■ RECORDS FOR THE TASK ■
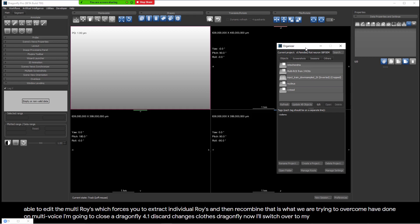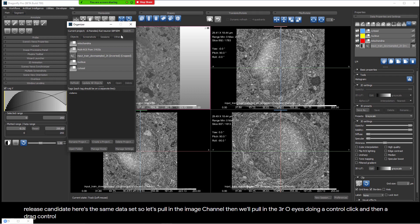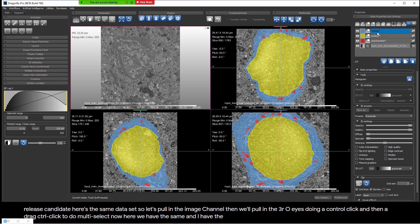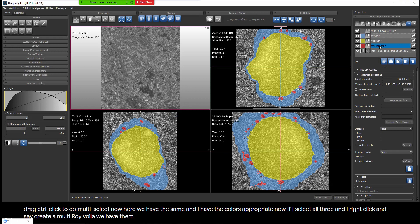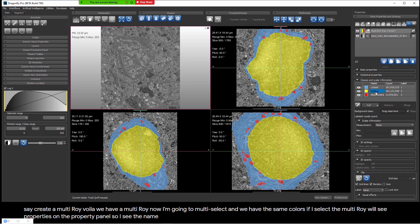Now I'll switch over to my 2020.1 Release Candidate. Here's the same data set. Let's pull in the image channel and the three ROIs using Control-click to do multi-select. Here we have the same data and the colors are appropriate. If I select all three and right-click and say create a MultiROI — voilà, we have a MultiROI. I'll multi-select and delete the individual ROIs, turn on the visibility of the MultiROI, and we have the same colors. If I select the MultiROI, we'll see properties on the property panel showing the names and colors of each MultiROI label.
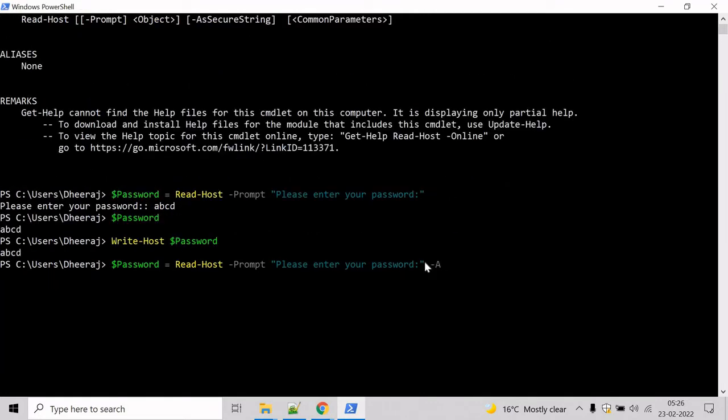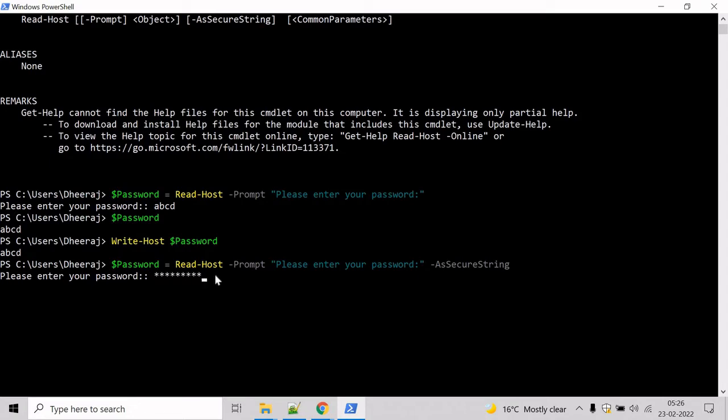So type as secure string and hit enter. As a value is being entered, asterisk will appear on the console in place of input. So let me type something and you can see asterisk appears on the console, and hit enter.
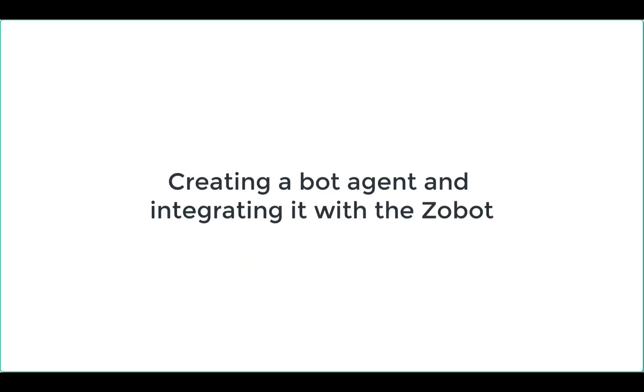Welcome to Zoho SalesIQ. This video will teach you how to create a bot agent in Dialogflow and integrate it with the ZoBot.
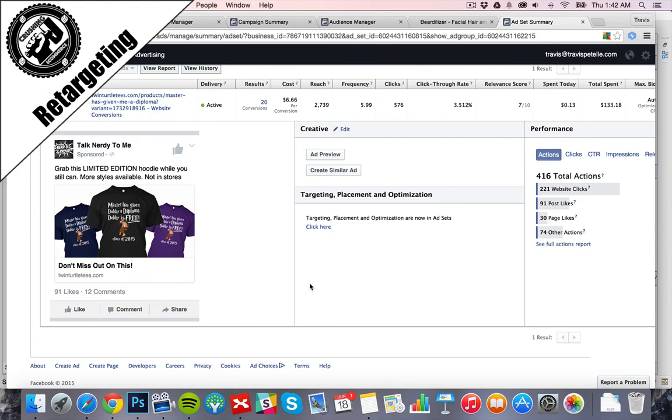So my name's Travis Petelle. Hope you enjoyed this one. In the next one, I'm going to be talking about lookalike audiences.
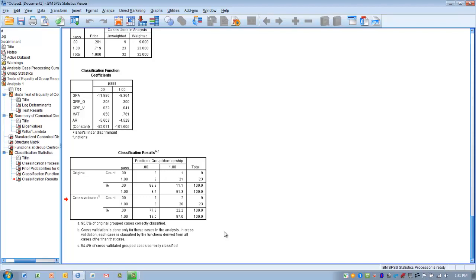To summarize, discriminant analysis is used when we want to predict membership in a group using multiple quantitative predictor variables. We look for uncorrelated groups of variables that can help discriminate or predict group membership. Hopefully you were able to learn something from this video, and good luck using this technique in your own research.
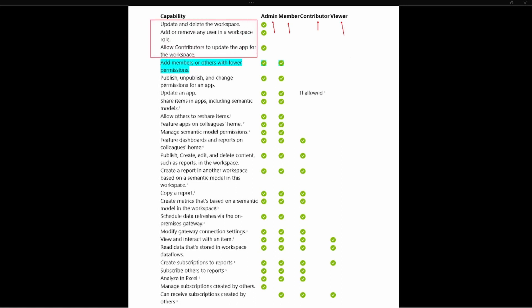a member are these three here at the top: updating and deleting a workspace, adding or removing any user in the workspace, and allowing contributors to update an app for the workspace. So these are the main differences between an admin and a member.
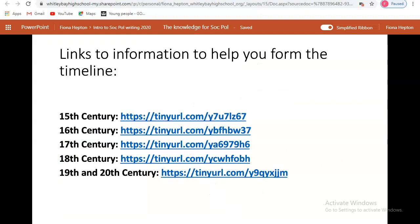The next few slides are links to PowerPoints that take you through from 1400 to 2000, highlighting key issues, events, movements, and political ideas prevalent at the time. After listening to this recording, follow those links, read the information, pick out key dates, keywords, and issues, and use this to start mapping out your historical timeline.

■ TRY IT ■
What is needed is the exact run of lines from the start of the data through the line with "To summarize, discriminant", both ends included, minus the pictures.

■ EXERCISE RESPONSE ■
Now I'll switch over to my 2020.1 Release Candidate. Here's the same data set. Let's pull in the image channel and the three ROIs using Control-click to do multi-select. Here we have the same data and the colors are appropriate. If I select all three and right-click and say create a MultiROI — voilà, we have a MultiROI. I'll multi-select and delete the individual ROIs, turn on the visibility of the MultiROI, and we have the same colors. If I select the MultiROI, we'll see properties on the property panel showing the names and colors of each MultiROI label.
So type as secure string and hit enter. As a value is being entered, asterisk will appear on the console in place of input. So let me type something and you can see asterisk appears on the console, and hit enter.
Welcome to Zoho SalesIQ. This video will teach you how to create a bot agent in Dialogflow and integrate it with the ZoBot.
So my name's Travis Petelle. Hope you enjoyed this one. In the next one, I'm going to be talking about lookalike audiences.
To summarize, discriminant analysis is used when we want to predict membership in a group using multiple quantitative predictor variables. We look for uncorrelated groups of variables that can help discriminate or predict group membership. Hopefully you were able to learn something from this video, and good luck using this technique in your own research.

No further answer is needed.